Cela a évidemment déplu à certains journalistes et fonctionnaires libéraux. Comme en Occident, leur argumentation est des plus faibles. Leur principale objection est qu’une “manifestation active de la religion divisera la société”. Mais le hidjab n’a encore provoqué aucun affrontement interconfessionnel. Dans mon pays, en outre, les adeptes d’un islam rigoureux et les adeptes d’un christianisme orthodoxe non moins rigoureux vivent en paix depuis des siècles. Dans plusieurs régions de l’empire russe, certaines dispositions du droit islamique sont même restées en vigueur jusqu’en 1917, sans que cela entre en conflit avec le mode de vie adopté par la majeure partie de la population.

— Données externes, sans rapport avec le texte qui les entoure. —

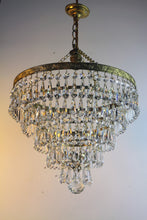 Load image into Gallery viewer, SOLD - Stunning Vintage 5 Tier Chandelier - A beautiful leaf patterned brass frame chandelier with an abundance of button & bomb vintage crystals.
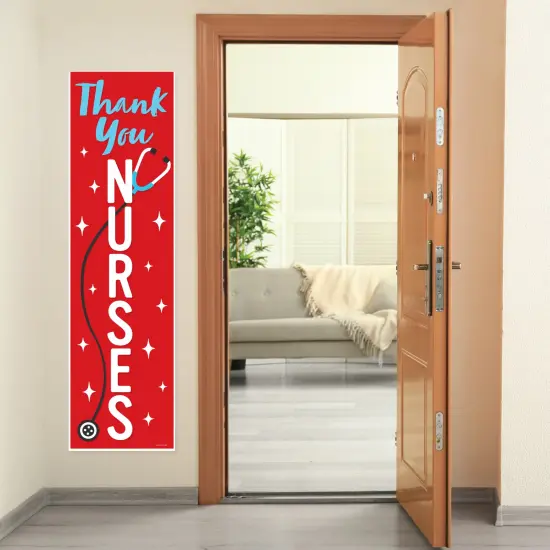 Big Dot of Happiness Thank You Nurses - Nurse Appreciation Week Front Door Decoration - Vertical Banner {7}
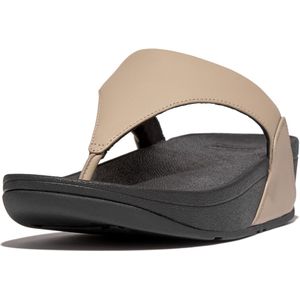 FitFlop Lulu Leather Toepost - Slippers - BEIGE - Maat 37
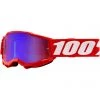 Occhiali Moto Cross Enduro Bambino 100% ACCURI 2 Jr Neon Red Lente Specchio Blu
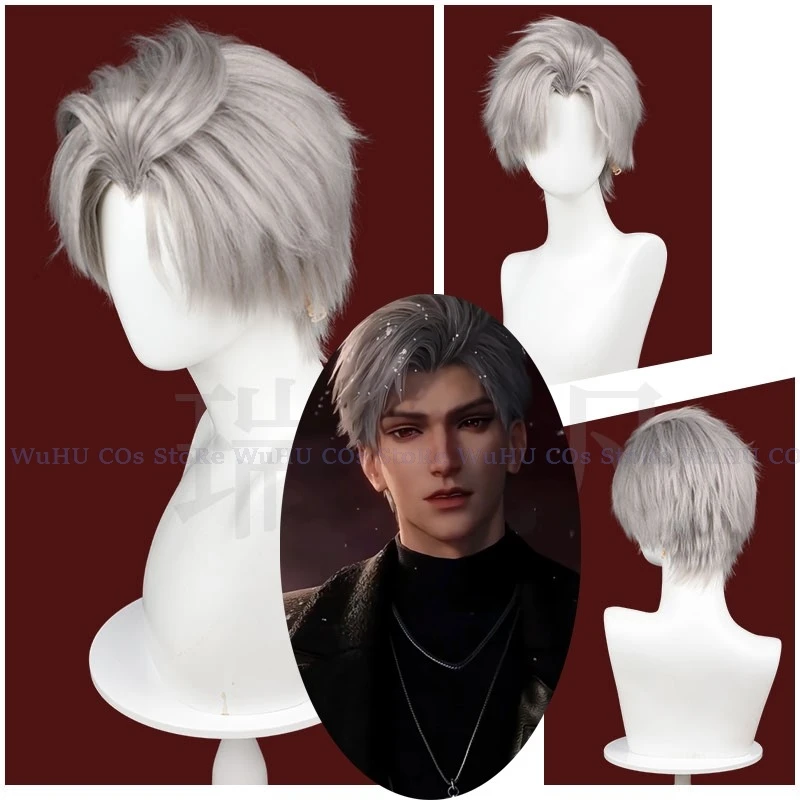 Game Love And Deepspace Cosplay Wig Sylus Front Lace Wig Sylus Qinche Cosplay Qin Che Wig Necklace Men Short Hair Roleplay Wig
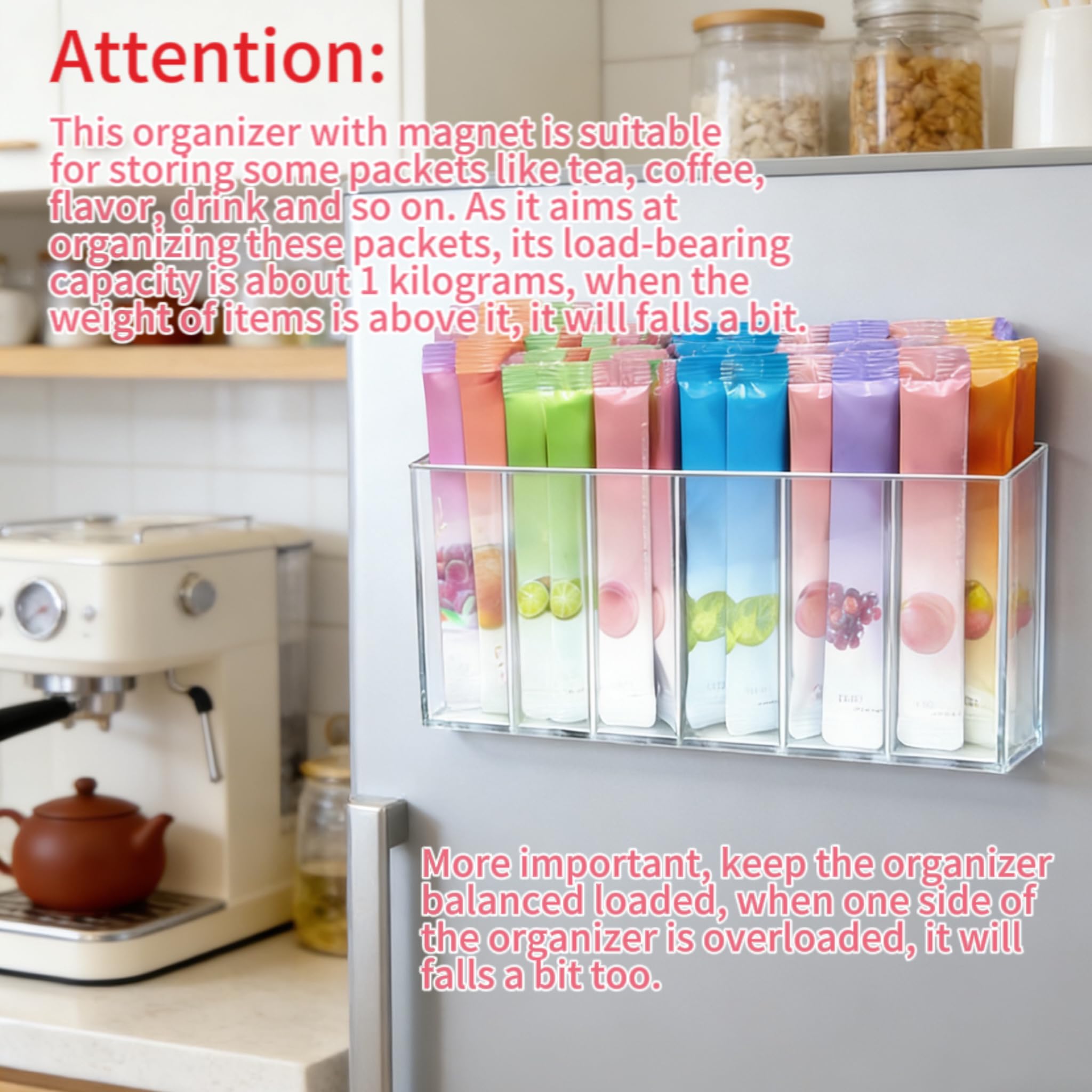 Drink Packet Organizer with Removable Divider & 6 Compartment, Mounted Water Packet Organizer with Soft Magnetic and Adhesive Sticker, Water Flavor Packet Storage for Kitchen Pantry Cabinet Fridge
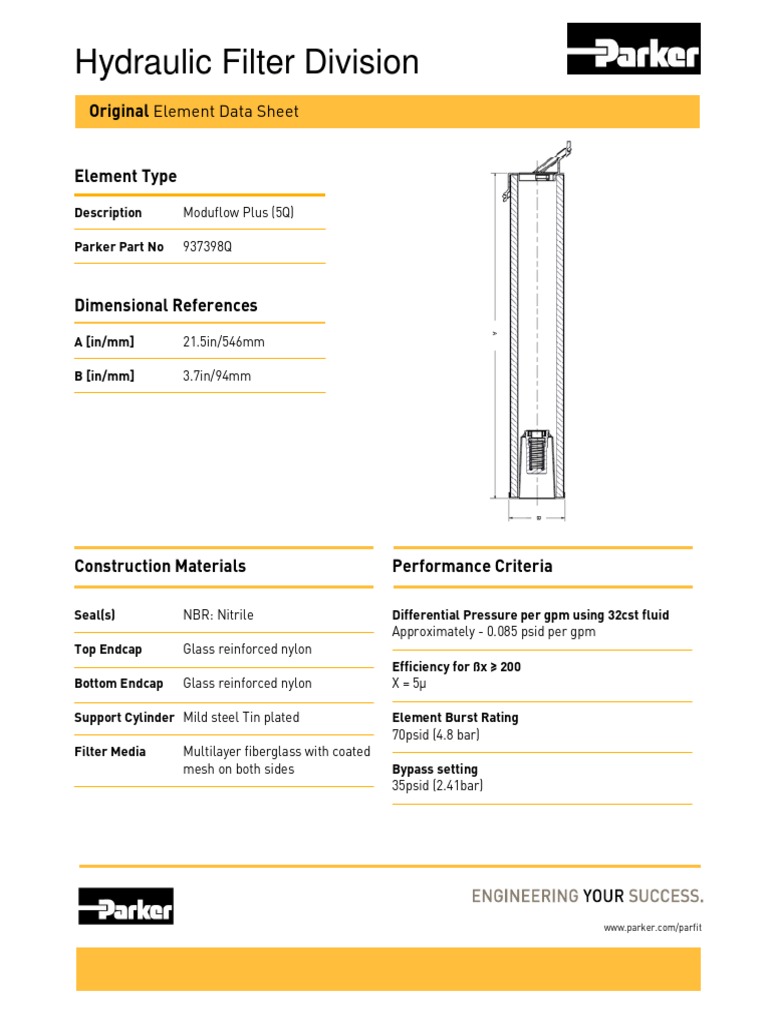 Hydraulic Filter Division Original Element Data Sheet PDF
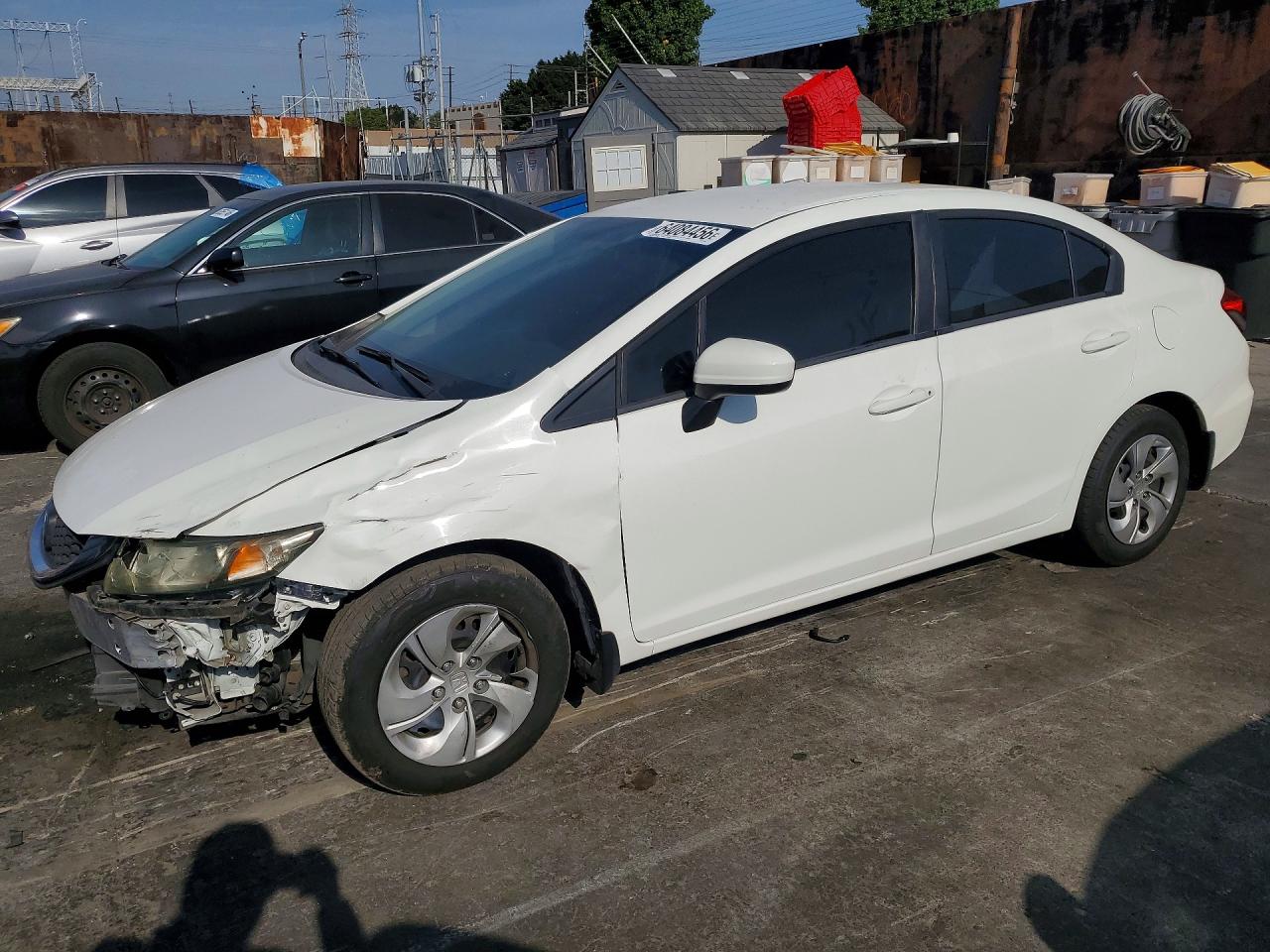 2014 Honda Civic Lx White vin: 19XFB2F59EE043205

Je suis convaincu, d’une manière générale, que les adeptes des diverses religions et conceptions du monde peuvent et doivent vivre en paix. Il faut pour cela que nous tous, chrétiens, musulmans, juifs, humanistes, apprenions à nous respecter les uns les autres. Il faut reconnaître à chaque groupe de pensée le droit non seulement à son propre sous-espace, mais aussi à sa propre part d’espace public, y compris l’école, la politique et les média. C’est à cette seule condition que les gens de convictions et de styles de vie différents se sentiront des citoyens à part entière de leur Etat et du monde. C’est à cette seule condition qu’ils pourront se considérer comme les maîtres de leur sort, et non comme des marginaux “tolérés”. C’est à cette seule condition que nous échapperons à un conflit de civilisations.